Anna Atkins, the Victorian botanist widely considered the first female photographer, created thousands of cyanotypes depicting white negatives of flora, often seaweed, suspended in atmospheres of Prussian blue. She made the pictures in the service of science, each one a spectral ode to the bounty of life and to what was then an innovative photographic technique. Like those of so many women of the time, Atkins’s breakthroughs fell into obscurity; she was “rediscovered” in the 1980s. The New York Public Library’s exhibition “Anna Atkins Refracted: Contemporary Works”—curated by Joshua Chuang and Elizabeth Cronin and staged in tandem with a cozier, astutely researched display of Atkins’s photograms—gathered nineteen artists informed by her legacy. While the contributors to “Refracted” ended up having little in common with Atkins (most make nonrepresentational images, prize visual poetry over science, and actually identify as artists), the show succeeded in offering an oblique survey of recent cameraless photography, much of which expressed anxieties about loss, climate change, and the medium itself.

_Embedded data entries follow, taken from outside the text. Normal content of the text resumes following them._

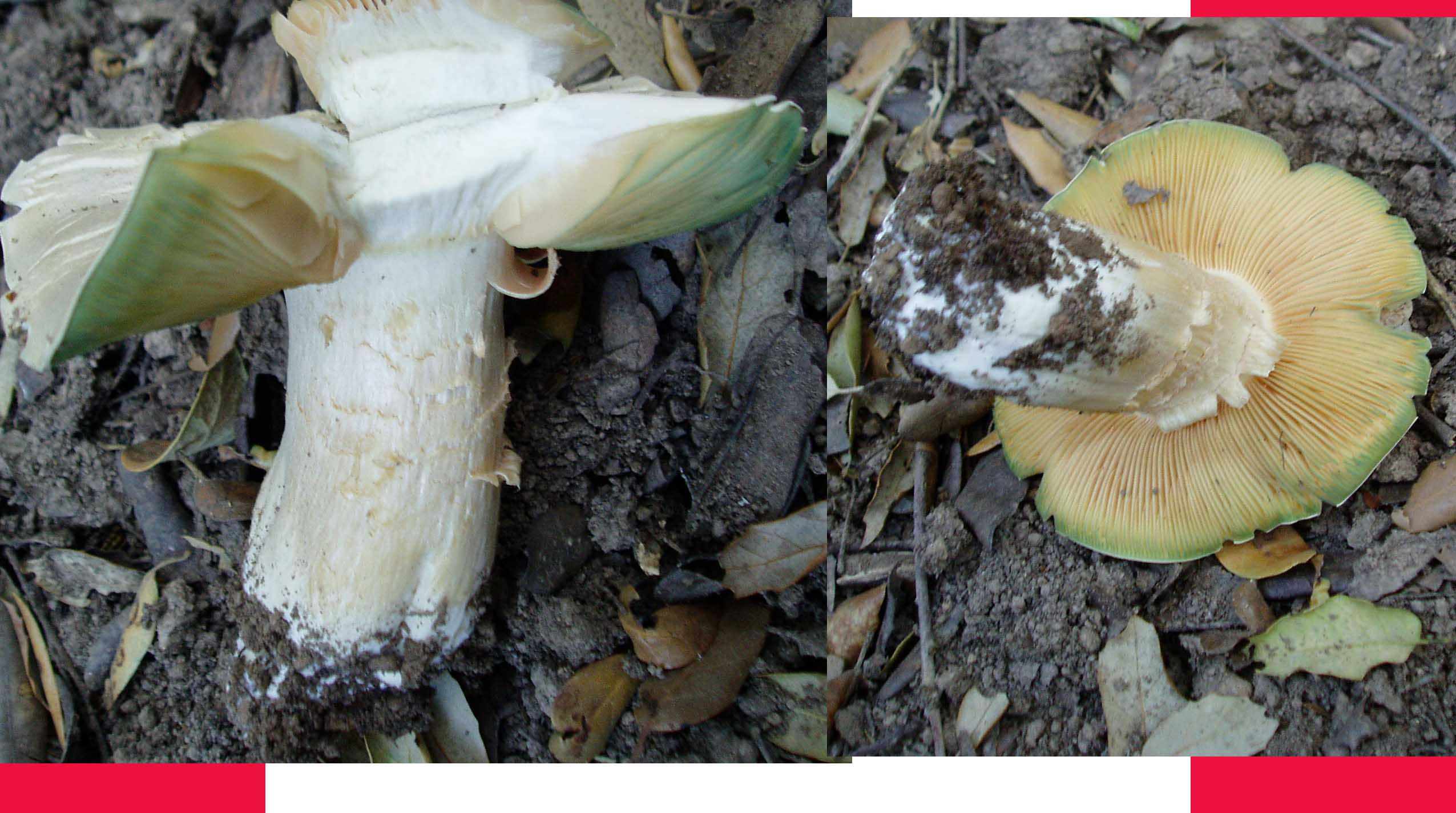 ultimi funghi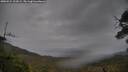 ./images/calvert/fitz-hugh-hecate/20250524/fitz-hugh-hecate20250524_102008M.jpg
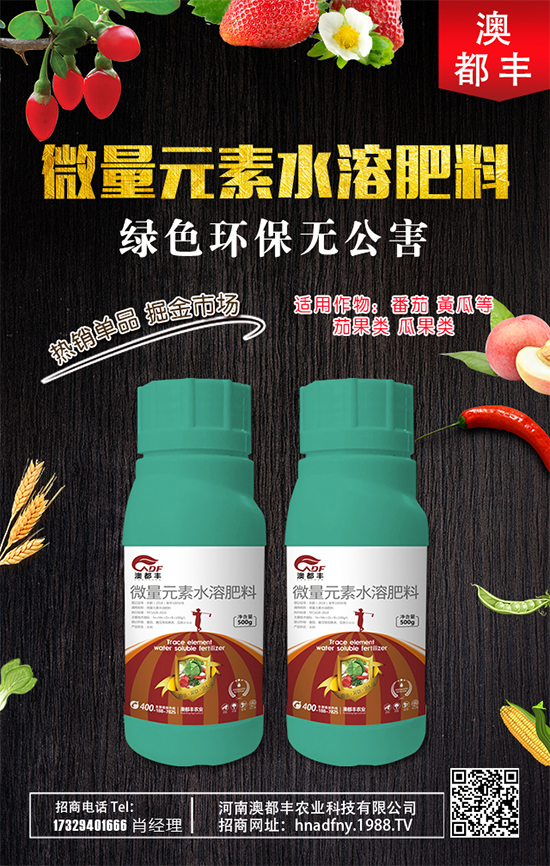 甜瓜什么時間種植好?甜瓜種植技術(shù)要點!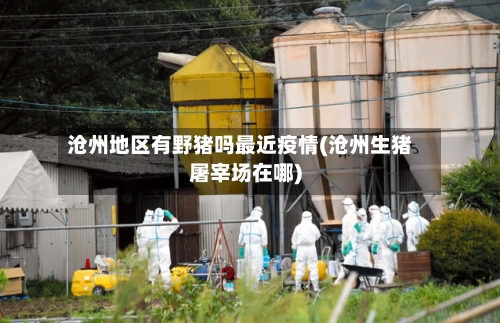 沧州地区有野猪吗最近疫情(沧州生猪屠宰场在哪)-第2张图片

For Sun/Screen/Scan, 2018, Penelope Umbrico scanned smartphone, tablet, and computer screens while leaving the copier’s lid ajar. The leaked light made visible the sundry human traces left on her subjects such as fingerprints, scratches, and dust. In homage to Atkins, Umbrico then applied Photoshop’s cyanotype filter to the scans. The outcome, a large and ethereal mosaic depicting panes of dark, grimy glass, indicated the downright unnaturalness of contemporary vision. This was echoed in Alison Rossiter’s Compendium, 2018, for which she developed an array of expired photo papers from 1898 to 1919. Bearing light- and temperature-based blemishes and at times resembling monochromes or spirit photography, Rossiter’s rectangular portraits of nothing were one of many works circumscribed by absence. These also included María Martínez-Cañas’s ghostly “X-Ray” photogram series, 1999—gray, vaporous abstractions made in the shadow of a friend’s death—and Kathleen Herbert’s beautifully titled sound/video installation Everything Is Fleeing to Its Presence, 2018. In the latter, a pair of monitors cycle through various azure abysses reminiscent of cyanotype plates as we hear anecdotes recounted in voice-over—including one about a chemist and the “divine” experience of touching the gilded pages of Atkins’s Cyanotype Impressions (1843)—along with essayistic passages concerned with “light-induced loss,” personal erasures, and Atkins’s blue: a shade “so deep it has seeped through to my skin.” (The color, Herbert suggests, is perhaps akin to that of Homer’s famous “wine-dark sea.”) The work, with its mesmerized obsessiveness and easy mixture of mundanity, science, and majesty, was a smart way to open the show.

While Atkins used a novel medium to catalogue the natural world, some of these artists resort to older technologies to address its current perils. Ulf Saupe’s arch cyanotype series “Res Navalis,” 2017–, for example, inventoried another ghostly marvel now ubiquitous underwater: a fluttering plastic bag. For his 2018 series “Hoard,” Roy Arden coated deconstructed cardboard product packaging in emulsion, onto which he made photograms of found objects—in them, the roots of trees tangle with man-made litter such as buttons, can tabs, and nails to form a droll microcosm of the Anthropocene epoch. 

Without a clear argument to make, “Refracted” risked lapsing into a hall of curiosities. But the mutual concerns of the artists, the majority of whom were women, lent the exhibition an unexpected cohesiveness. And the show’s emphasis on the strategies of chance, patience, and collaboration with nature provided solace inside our internet-based image culture aquake with shareability and artificialness. I keep recalling the pair of large-scale photograms from Kunié Sugiura’s “Pressed Specimens” series, 1991–99, which the artist created by softly pressing living plants onto sensitized paper with sheets of glass, taking special care not to kill them. The images themselves are ordinary, but the gesture itself, suffused with a gentle mercy, warmed the entire exhibition.

Atkins, with her cyanotypes of dried algae, fern fronds, and flowers, quietly showed us an earth worth discovering. These artists, just as quietly, showed us one worth saving.